Carol Monaghan was moved to a safe house after online abuse turned into a detailed threat.
The SNP MP for Glasgow North feared for her and her family’s lives following online.
Earlier this month Jonathan Bell, 35, admitted his behaviour caused Monaghan “fear or alarm”.
Monaghan is now calling for more protection for women, saying social media companies must take action to end misogynistic abuse.
MP’s office was targeted
Speaking to BBC Scotland’s The Seven programme, the MP described the messages taking a sinister turn, with one including references to the murdered MP Jo Cox.
Her constituency office in Partick was targeted, with windows being smashed. The office front was also splattered with ketchup.
"It was obviously meant to look like blood across the windows. That was the start of the physical activities."
A death threat was then made against the MP.
She said: "It was phoned in and it contained enough details about my personal life, enough detail to cause the police to take it seriously," she explained.
"I got a call from my office manager. The police had contacted him to say there was what they considered to be a credible threat.
"They weren't necessarily sure I should come back to Glasgow. But I was keen that I did come back to Glasgow - my family were here."
Terrified for her family, Monaghan added: Because of the personal nature of the threat and the personal details, I knew he knew where I lived, I knew he knew who my kids were. I just had to be there.
"That evening when we came back from the police station to the house, the police wouldn't let us into the house until the whole area had been searched.
"They spent the night outside the house and very early the next morning we left and went to a safe place."
Social media companies must take action
Monaghan has called for social media companies to take responsibility for the abuse many suffer.
She said: "Social media gives people a platform, it gives them a way of directly contacting a person - at any time of the day or night.
"It gives them the opportunity to say things anonymously.
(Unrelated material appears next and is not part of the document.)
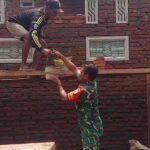 Wujud Kemanunggalan TNI-Rakyat, Babinsa Arjosari Bantu Rehab Rumah Warga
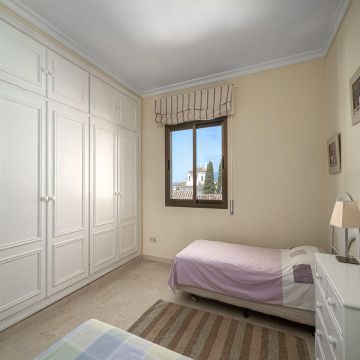 https://cdn.resales-online.com/public/7fm5ji531r/properties/f13644dad83011eca97d0217bc231ef4/w1200/18-cc72f169493c096e712837ff5d8b6e41.jpg?v=1653055294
It gives them a whole lot of protection that the target of their abuse does not have."
Monaghan added: "Really, why should we take that level of abuse? We wouldn't accept it in a workplace, but we are just supposed to take it and somehow we are to blame if we don't.
"I understand some people want to interact on Twitter anonymously for the best of reasons but there is also a huge hiding place for people who want to put more sinister stuff out there. We need a way of identifying users and take action against them for tweets that are offensive."